True Lies- final fight scene-


----------



## Trade (Jun 8, 2017)




----------



## Myquest55 (Jun 8, 2017)

OOoooo - some good ones!!  I, too, loved the hilltop scene in "Sound of Music."  Thanks for sharing.  I'm going to add two more:

DH suggests that the scene in "Apocalypse Now" as morning breaks and the helicopters slowly rise over the forest and the music that goes with all of that was pretty unforgettable.
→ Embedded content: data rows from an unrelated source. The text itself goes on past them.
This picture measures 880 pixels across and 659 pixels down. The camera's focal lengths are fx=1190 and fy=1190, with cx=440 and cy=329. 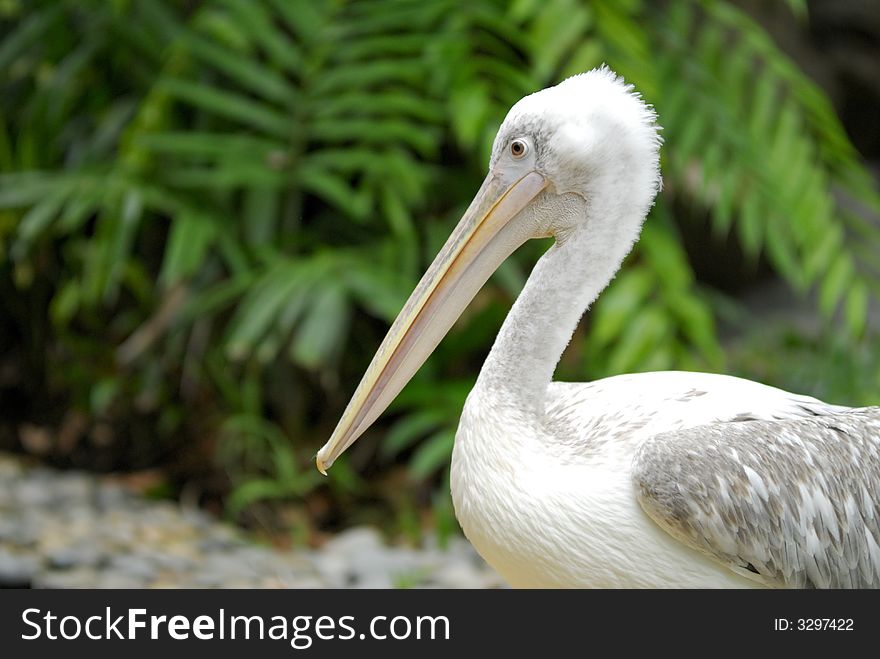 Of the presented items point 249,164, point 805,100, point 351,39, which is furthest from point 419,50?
point 805,100

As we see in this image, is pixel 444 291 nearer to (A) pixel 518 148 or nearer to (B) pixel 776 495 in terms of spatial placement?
(A) pixel 518 148

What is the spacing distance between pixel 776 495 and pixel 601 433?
0.31 metres

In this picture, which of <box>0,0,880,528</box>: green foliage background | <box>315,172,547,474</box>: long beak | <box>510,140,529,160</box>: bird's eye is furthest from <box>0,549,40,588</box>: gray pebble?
<box>510,140,529,160</box>: bird's eye

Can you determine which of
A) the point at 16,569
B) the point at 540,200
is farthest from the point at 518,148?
the point at 16,569

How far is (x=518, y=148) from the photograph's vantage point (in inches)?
85.8

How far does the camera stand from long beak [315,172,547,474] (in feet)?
7.18

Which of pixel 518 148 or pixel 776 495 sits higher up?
pixel 518 148

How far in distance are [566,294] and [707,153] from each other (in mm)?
1868

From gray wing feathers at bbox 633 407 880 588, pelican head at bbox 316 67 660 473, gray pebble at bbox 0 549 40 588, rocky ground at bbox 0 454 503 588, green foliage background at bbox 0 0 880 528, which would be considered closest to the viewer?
gray wing feathers at bbox 633 407 880 588

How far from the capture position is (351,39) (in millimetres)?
4102

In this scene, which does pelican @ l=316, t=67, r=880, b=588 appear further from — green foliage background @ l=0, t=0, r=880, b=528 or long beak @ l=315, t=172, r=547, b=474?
green foliage background @ l=0, t=0, r=880, b=528

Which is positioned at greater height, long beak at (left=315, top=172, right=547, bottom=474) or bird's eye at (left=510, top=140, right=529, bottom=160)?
bird's eye at (left=510, top=140, right=529, bottom=160) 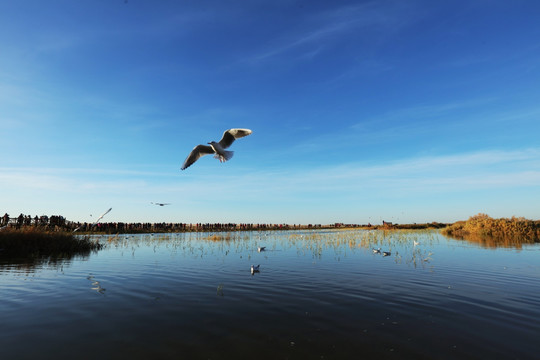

Our son suggested the scene in "The Matrix" when Trinity is fighting and the director set up cameras 360 degrees around the scene and filmed it, then spliced it together to capture the entire scene from every angle.  Something that had never been done before.

Keep them coming!


----------



## tnthomas (Jun 8, 2017)

RadishRose said:


> True Lies- final fight scene-
> 
> https://youtu.be/4oHg2KHjye8?list=PLO2M8BAkv2onUVKTpzdIT5nzSVZZ2BGh  I



Great scene!

Here's a favorite:


----------



## Camper6 (Jun 8, 2017)

On the waterfront. Marlon Brando.
- You shoulda taken care of me, just a little bit, so I wouldn't have to take them dives for the short-end money...I coulda had class. I coulda been a contender. I coulda been somebody, instead of ...


----------



## Trade (Jun 8, 2017)

Camper6 said:


> On the waterfront. Marlon Brando.
> - You shoulda taken care of me, just a little bit, so I wouldn't have to take them dives for the short-end money...I coulda had class. I coulda been a contender. I coulda been somebody, instead of ...



That was a great one!


----------



## Falcon (Jun 8, 2017)

Sharon Stone  in  "Basic Instincts" ,  Sitting in a chair  being interrogated.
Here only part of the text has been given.